A moment of contemplation for yourself or on behalf of others on everything from the life-altering to the mundane.


Prayer: A conversation with The Higher Other who lives within each of us. An invitation to vent, to re-think, to ask, and to rest.

Monday, January 8, 2024

Prayers of the People: Are Your Ears Tingling? ~ Second Sunday after the Epiphany, Dr. Martin Luther King, Jr. '24 Yr B

For Sunday, January 14, 2024, Readings: 1 Samuel 3:1-20, Ps 139:1-5, 12-17; 1 Cor 6:12-20, John 1:43-51 
[SsAM Parish4 readings, see below: The Rt. Rev Quintin E. Primo, Jr.*, The Rev. Dr. Martin Luther King, Jr. **

   And Samuel said, "Speak for your servant is listening." Then the Lord said to Samuel, "See, I am about to do something in Israel that will make both ears of anyone who hears of it tingle..." As Samuel grew up, the Lord was with him...And all Israel...knew that Samuel was a trustworthy prophet of the Lord. [1 Samuel 3:10b-11,19-a-20]

  Lord you have searched me out and known me; you know my sitting down and my rising up; you discern my thoughts from afar...You trace my journeys and my resting- places and are acquainted with all my ways. Indeed there is now a word on my lips, but you O Lord, know it altogether...Your eyes beheld my limbs, yet unfinished in the womb... [Psalm 139:1-2, 15a]

     But anyone united to the Lord becomes one spirit with him...do you not know that your bodies are members of Christ...do you not know that your body is a temple of the Holy Spirit within you, which you have from God, and that you are not your own? [1 Corinthians 6:15a, 17, 19]

    Nathanael said to [Philip], "Can anything good come out of Nazareth?" Philip said to him, "Come and see..." And [Jesus] said to [Nathanael], "Very truly, I tell you, you will see heaven opened and the angels of God ascending and descending upon the Son of Man." [John 1:46, 51]

[What we are doing at this moment is a symbol of what black and white people must continue to do as we offer our lives to be instruments for bringing the Kingdom of God reality on earth. ~The Rt. Rev. Quintin E. Primo, Jr.]

[Before the Pilgrims landed at Plymouth, we were here. Before the pen of Jefferson scratched across the pages of history the majestic words of the Declaration of Independence, we were here.
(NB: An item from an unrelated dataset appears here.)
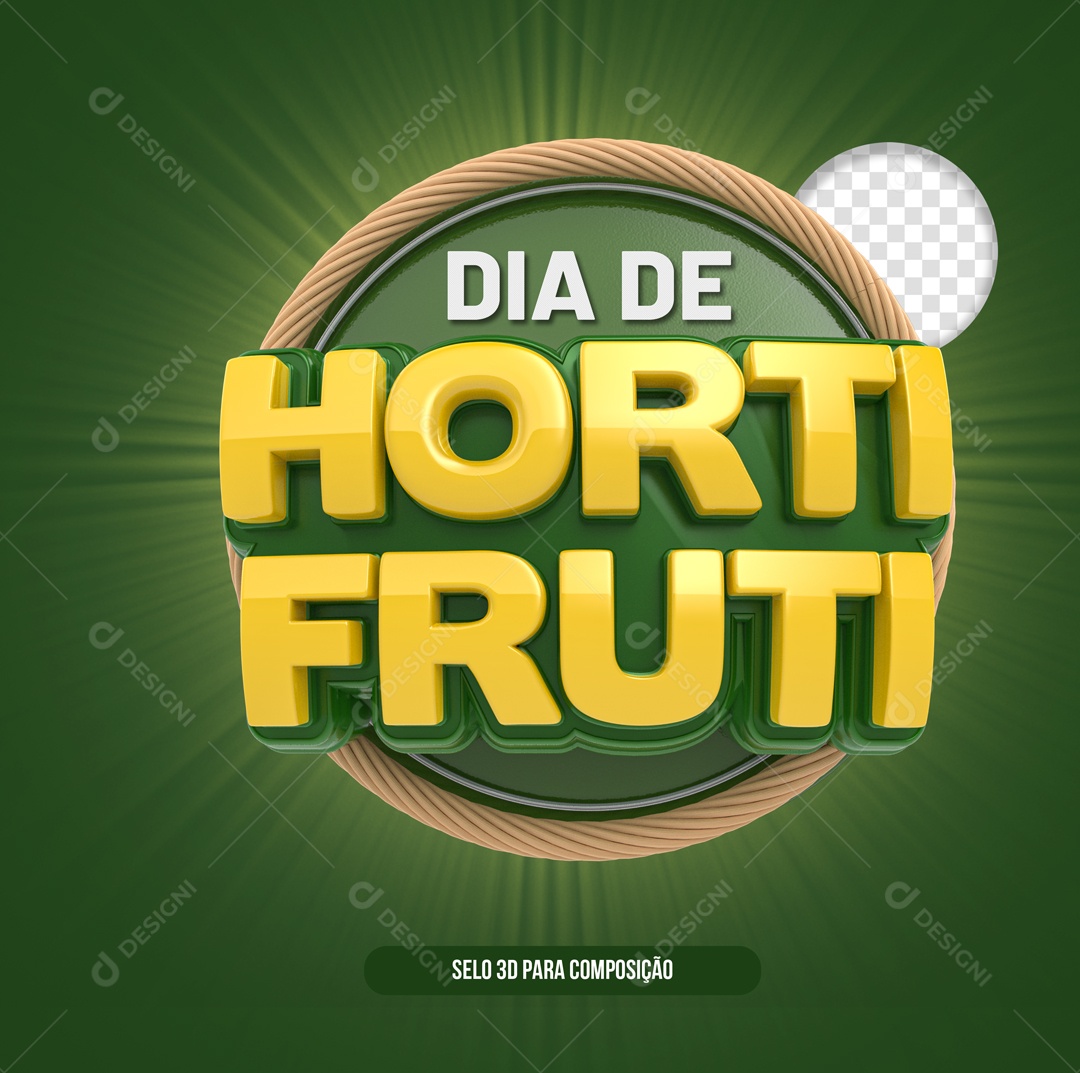 Selo 3D Hortifruti Para Composiçaõ PSD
For more than two centuries our foreparents labored here without wages; they made cotton king; and they built the homes of their masters in the midst of brutal injustice and shameful humiliation -- and yet out of a bottomless vitality our people continue to thrive and develop. ~Dr. Martin Luther King, Jr.]

4These Prayers of the People were originally commissioned in 2013 by The Rev. David Andrews, then Rector of The Episcopal Church of Saints Andrew and Matthew (SsAM) in Wilmington, Delaware. They continue to be used by the Parish that in 2021 celebrated the 25th Anniversary of the blending of a traditionally white parish ~ St. Andrew's, founded in 1829, and a traditionally African-American parish ~ St. Matthew's, that began in 1846. St. Matthew’s was founded in the lower level of St. Andrew's as the Robert Smith Sunday School until it became St. Matthew's Parish in its own location in 1891. Much later, in the racially fraught year of 1968 after Dr. King’s assassination, Bishop Quintin Primo, then an African-American Episcopal Vicar, guided St. Matthew's from mission status to full parish status and lived to see the joyous union of these two parishes into one. As many of us were privileged to know him personally, we are pleased to celebrate his life and prophetic voice this day along with the vibrant legacy of The Rev. Dr. Martin Luther, King, Jr. The selections from Bishop Primo's autobiography and from Dr. King (below) are SsAM's readings with the Psalm on this Sunday and will be read by the late Bishop Primo’s daughter, Cynthia, a member of SsAM. To learn more about the historical significance and current mission of SsAM click here: www.ssam.org  

      We're all invited, we've all been called ~ what is our RSVP? I think of young Samuel, confused and wondering, and then, following his instructions from Eli, he answered with Speak, Lord, for your servant is listening. Later he grew into a trustworthy prophet of the Lord. Would it be easier to be like young Samuel again, merely following the instructions of an elder? Well, most of us were at one time, many still are in a way, and a very rare few of us have become a trustworthy prophet. Perhaps there’s more than merely following the directions to receive the tingle in our ears when God speaks to us. Perhaps we also need to remember that God knew Samuel, and Eli, and all that was going on. What does God know about me ~ everything!
      There are many Psalms that resonate within me and Psalm 139, particularly, always has a profound effect on me when I read it. There is my Creator, my Divine Parent, who knew me while my limbs were being knitted in the womb and still traces my journeys and my resting-places. Sometimes, admittedly when I’m not at my best (too often), my inner child tries to lie lower as if not to be seen or heard by that Parent, especially when some words on my lips are, well, frankly, quite far from God-like. And then Paul reminds us that our bodies are members of Christ and a temple of the Holy Spirit. It’s far easier to intend to live up to those holy standards than to actually do so, and then I remember that God knows me, more than I know about me or want to.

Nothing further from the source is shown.